Introduction#
This HW is an image classification task, classifying the food dataset food11, with the specific task requirements as follows:
The goals and hints to be achieved are as follows:
Simple#
You only need to run its original code, and the results are as follows:
Medium#
Perform Training Augmentation and extend the training time (with a larger n_epoch).
The specific operations for Training Augmentation are as follows:
train_tfm = transforms.Compose([
# Resize the image into a fixed shape (height = width = 128)

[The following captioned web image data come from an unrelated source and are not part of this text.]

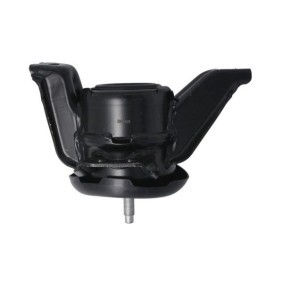 Motorlager I51041YMT von YAMATO günstig für 14,06 € online kaufen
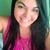 Marysol Rivera's profile image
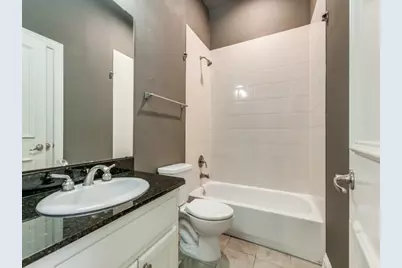 1620 Carpenter Drive, Plano, TX 75074 - Photo 17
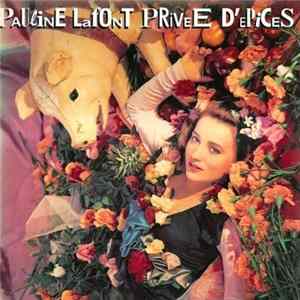 Pauline Lafont - Privée D'Epices FLAC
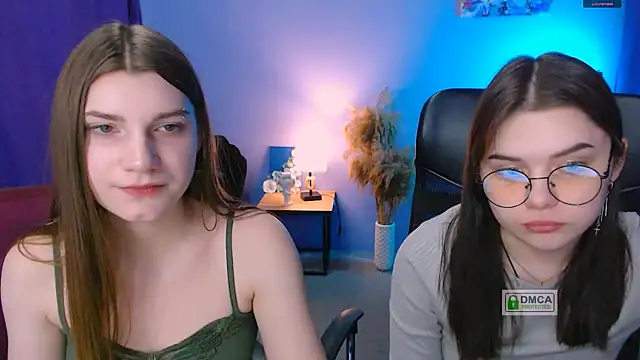 pure radiance1 online show from 01-14-25, 12:56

transforms.Resize((128, 128)),
# You may add some transforms here.
transforms.RandomChoice([
transforms.RandomRotation((-30,30)),
transforms.RandomHorizontalFlip(p=0.5),
transforms.RandomVerticalFlip(p=0.5),
transforms.ColorJitter(brightness=(0.5,1.5), contrast=(0.5, 1.5), saturation=(0.5,1.5), hue=(-0.25, 0.25)),
transforms.RandomInvert(p=0.5),
transforms.RandomAffine(degrees=(-30,30), translate=(0.1, 0.1), scale=(0.8, 1.2), shear=(-30, 30)),
transforms.Grayscale(num_output_channels=3),
]),
# ToTensor() should be the last one of the transforms.
transforms.ToTensor(),
])
The specific introduction is as follows:
- RandomRotation((-30,30)) randomly rotates the image. (-30, 30): the range of rotation angles (randomly selected between -30 degrees and +30 degrees).
- RandomHorizontalFlip(p=0.5) horizontally flips the image with a probability of 50%. p=0.5: execution probability (0.5 means 50%).
- RandomVerticalFlip(p=0.5) vertically flips the image with a probability of 50%. The meaning of p is the same as above.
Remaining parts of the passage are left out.